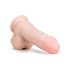 Easytoys - Dildo com Ventosa e Testículos (17,5 cm) - Cor Natural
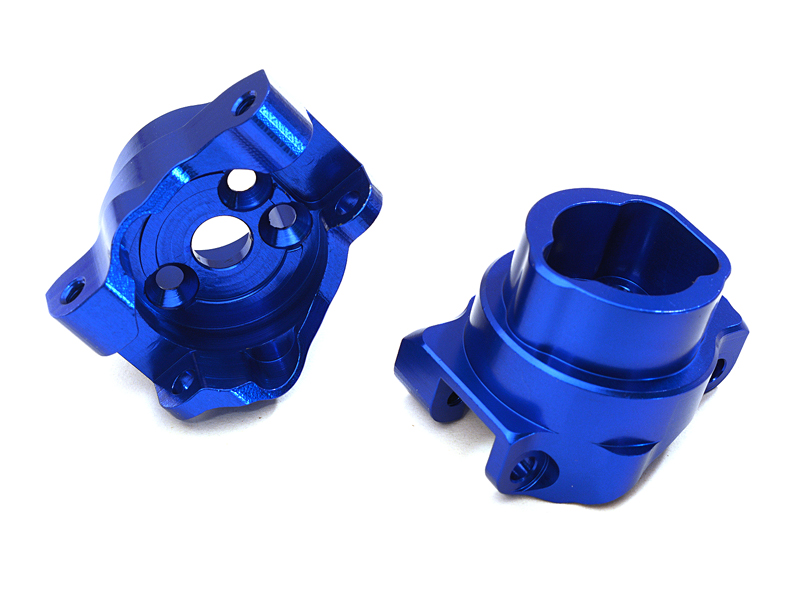 INT-C27991BLUE Billet Machined Alloy Rear Portal Drive Axle Mount for Traxxas TRX-4 Crawler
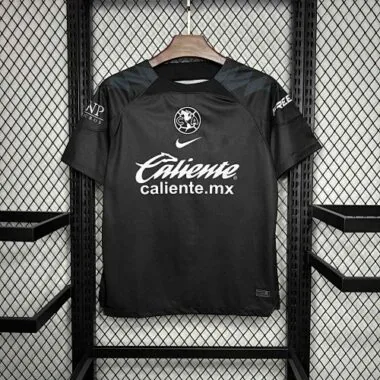 23-24 Club América Goalkeeper Kit Black Shirt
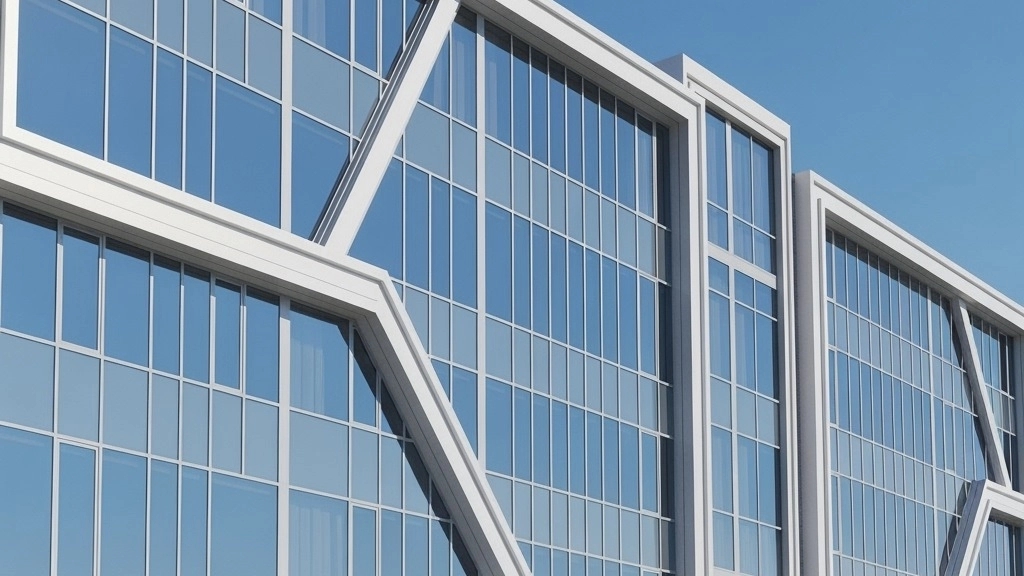 Background Construction Group, Modern Facade Installation Design and Curtain Wall in Mashhad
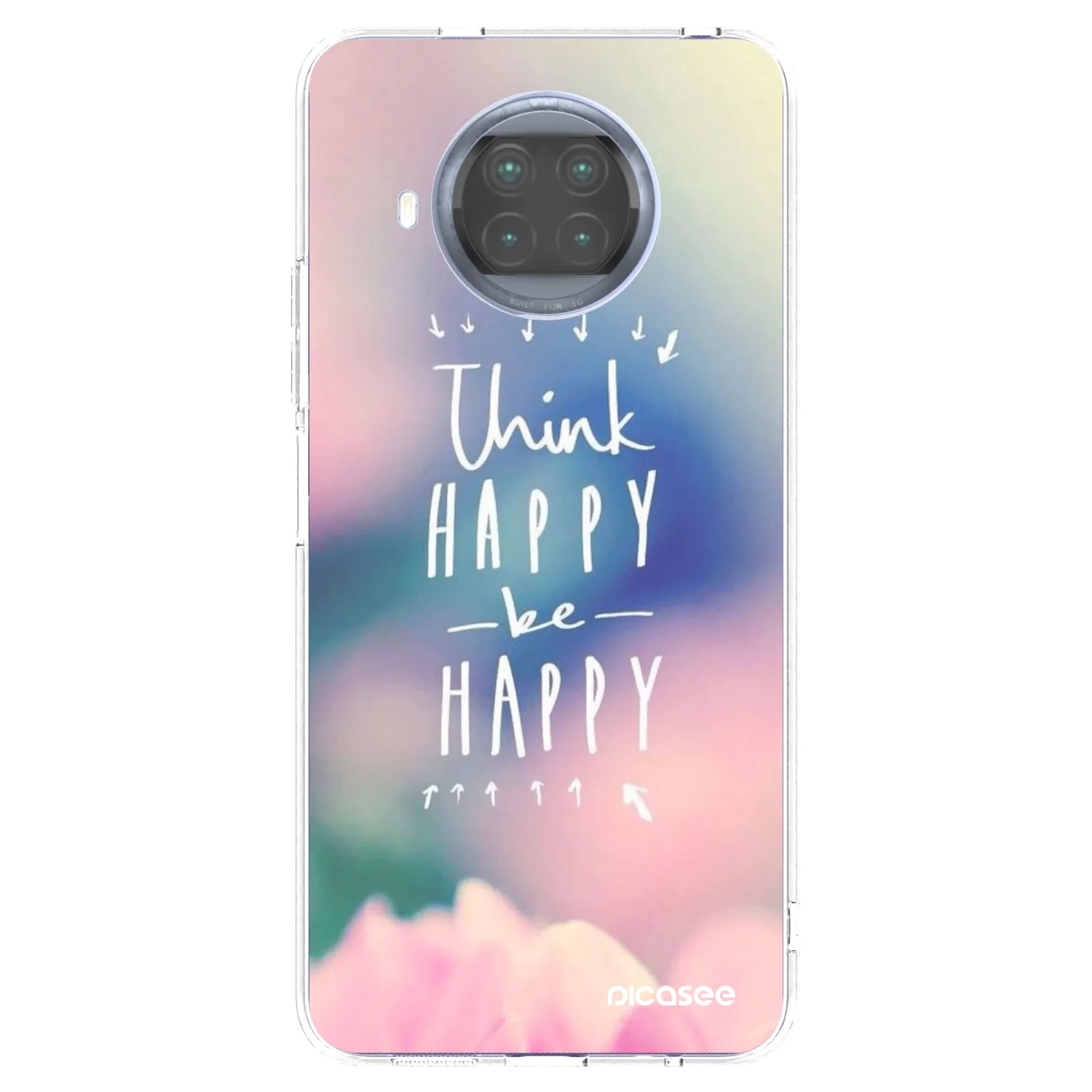 Picasee silikonska prozirna maskica za Xiaomi Mi 10T Lite - Think happy be happy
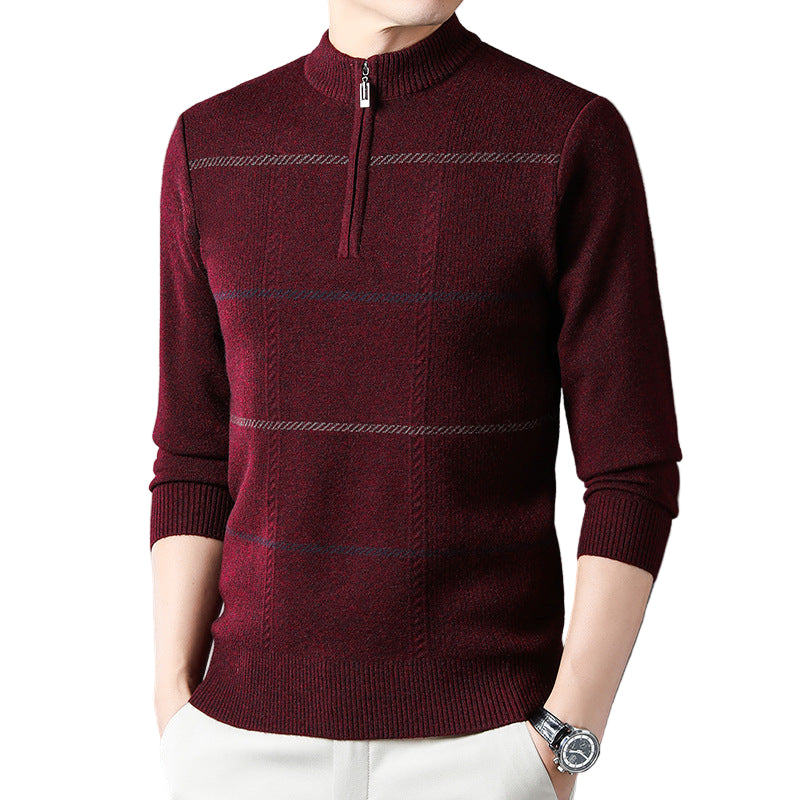 Pull zippé homme à rayures | Sorties décontractées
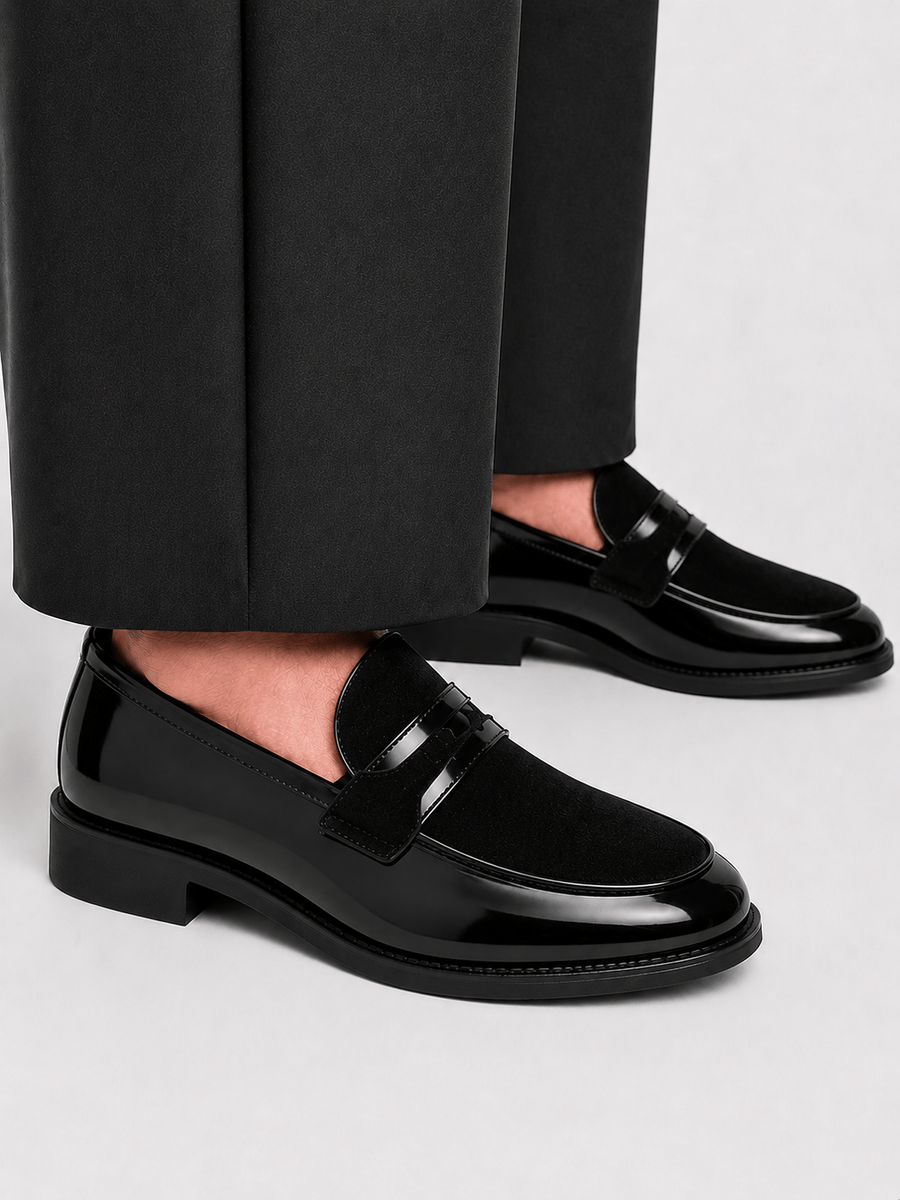 Casa Bellori Octave – Mocassin bicolore noir homme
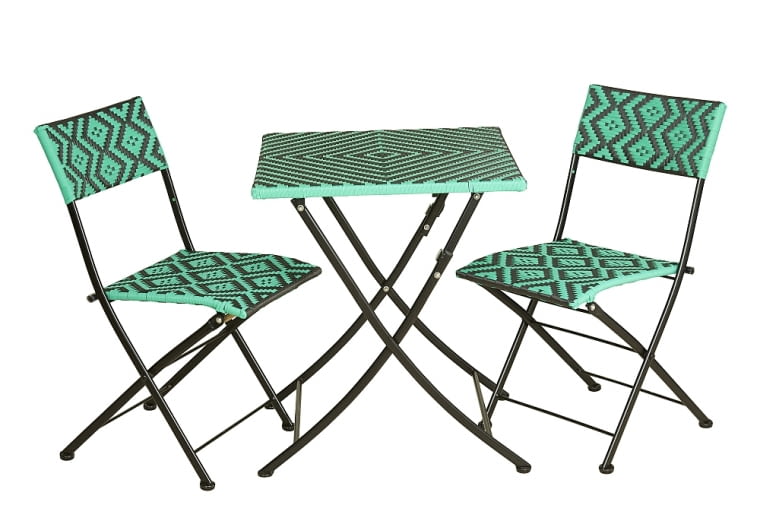 TK Maxx: zestaw ogrodowy w azteckie wzory. Cena: 399,99 zł. lampion, lato, tk maxx, produkty, nowości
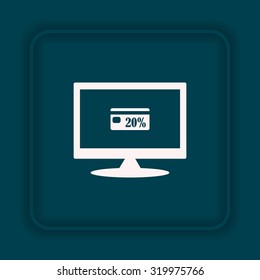 Discount label. icon. vector design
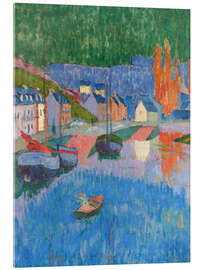 Acrylic print Seaport, 1890 - Armand Seguin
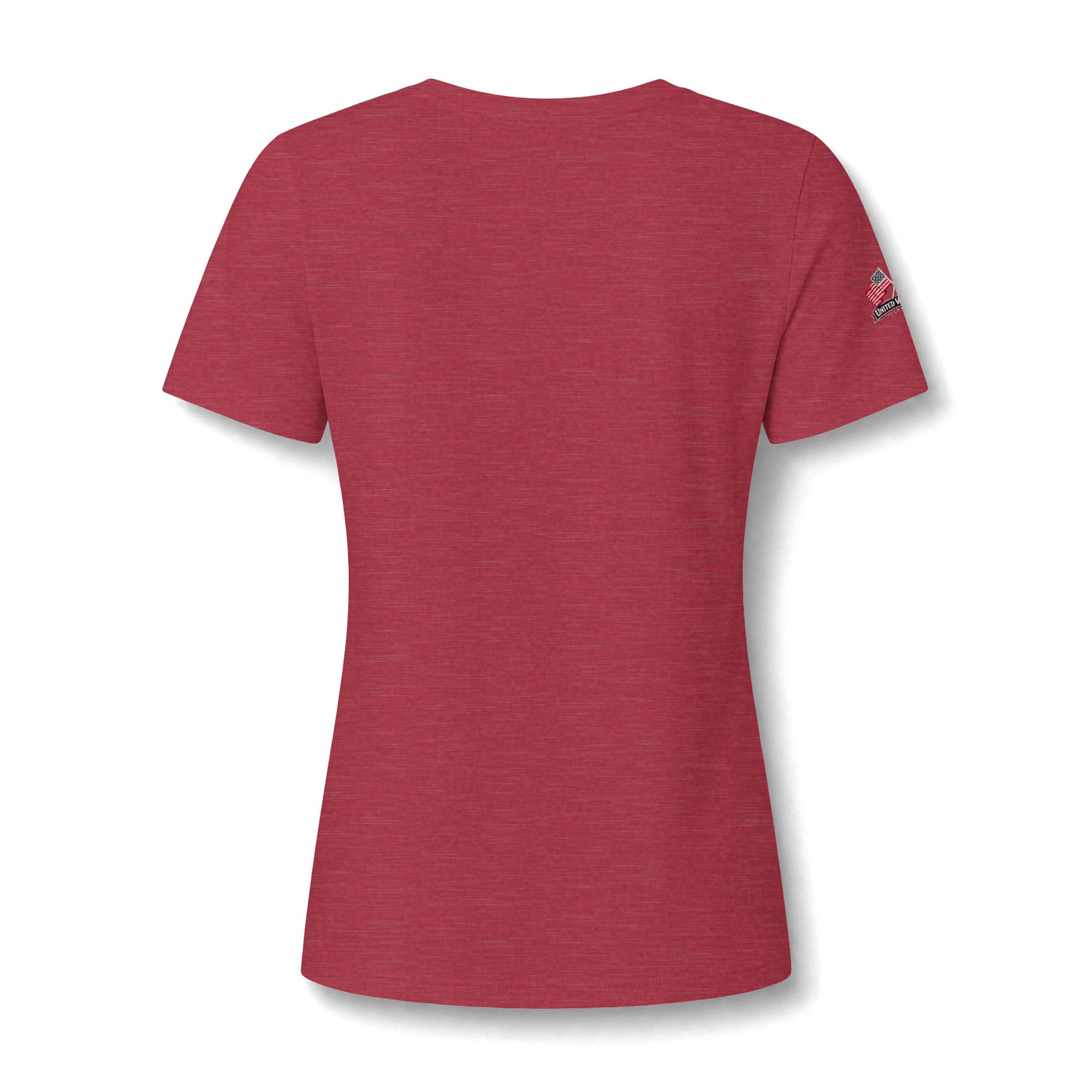 Friends of American Legion Post 128 Women's V-Neck Tee — Greene County VA FLAG ON SLEEVE - Image 16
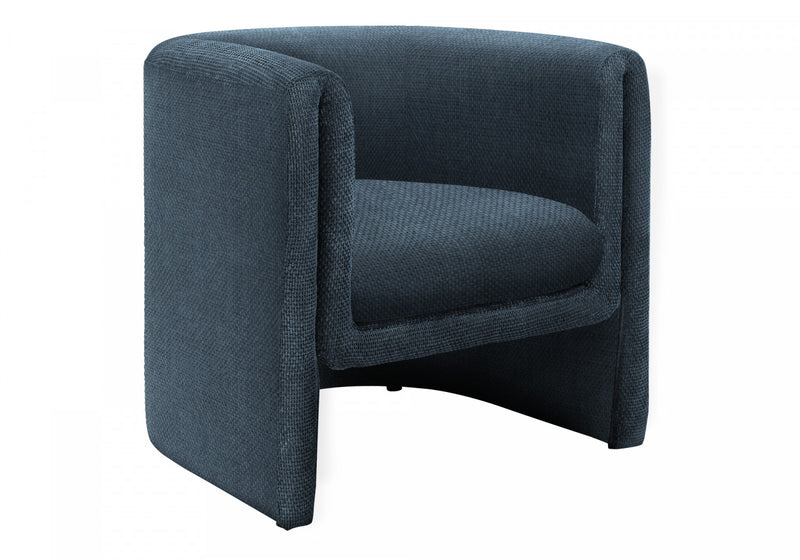 Monarch Specialties - Accent Chair, 29\"H, Upholstered, Living Room, Bedroom, Blue Fabric, Contemporary, Modern
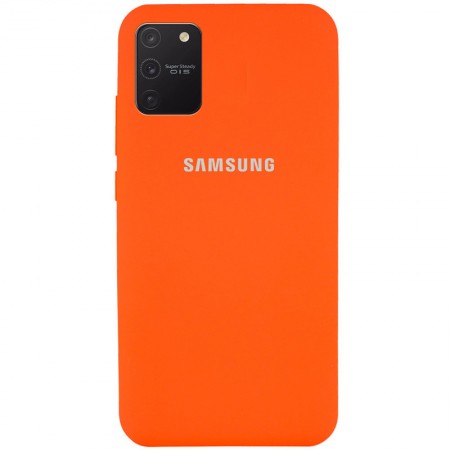 Чехол Silicone Cover Full Protective (AA) для Samsung Galaxy S10 Lite Оранжевый (17336)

§ **PROBLEM TO WORK ON**
What is needed is an exact output of the records above, with every picture left out.

§ **RESULT**
 Easytoys - Dildo com Ventosa e Testículos (17,5 cm) - Cor Natural
 INT-C27991BLUE Billet Machined Alloy Rear Portal Drive Axle Mount for Traxxas TRX-4 Crawler
 23-24 Club América Goalkeeper Kit Black Shirt
 Background Construction Group, Modern Facade Installation Design and Curtain Wall in Mashhad
 Picasee silikonska prozirna maskica za Xiaomi Mi 10T Lite - Think happy be happy
 Pull zippé homme à rayures | Sorties décontractées
 Casa Bellori Octave – Mocassin bicolore noir homme
 TK Maxx: zestaw ogrodowy w azteckie wzory. Cena: 399,99 zł. lampion, lato, tk maxx, produkty, nowości
 Discount label. icon. vector design
 Acrylic print Seaport, 1890 - Armand Seguin
 Friends of American Legion Post 128 Women's V-Neck Tee — Greene County VA FLAG ON SLEEVE - Image 16
 Monarch Specialties - Accent Chair, 29\"H, Upholstered, Living Room, Bedroom, Blue Fabric, Contemporary, Modern
 Чехол Silicone Cover Full Protective (AA) для Samsung Galaxy S10 Lite Оранжевый (17336)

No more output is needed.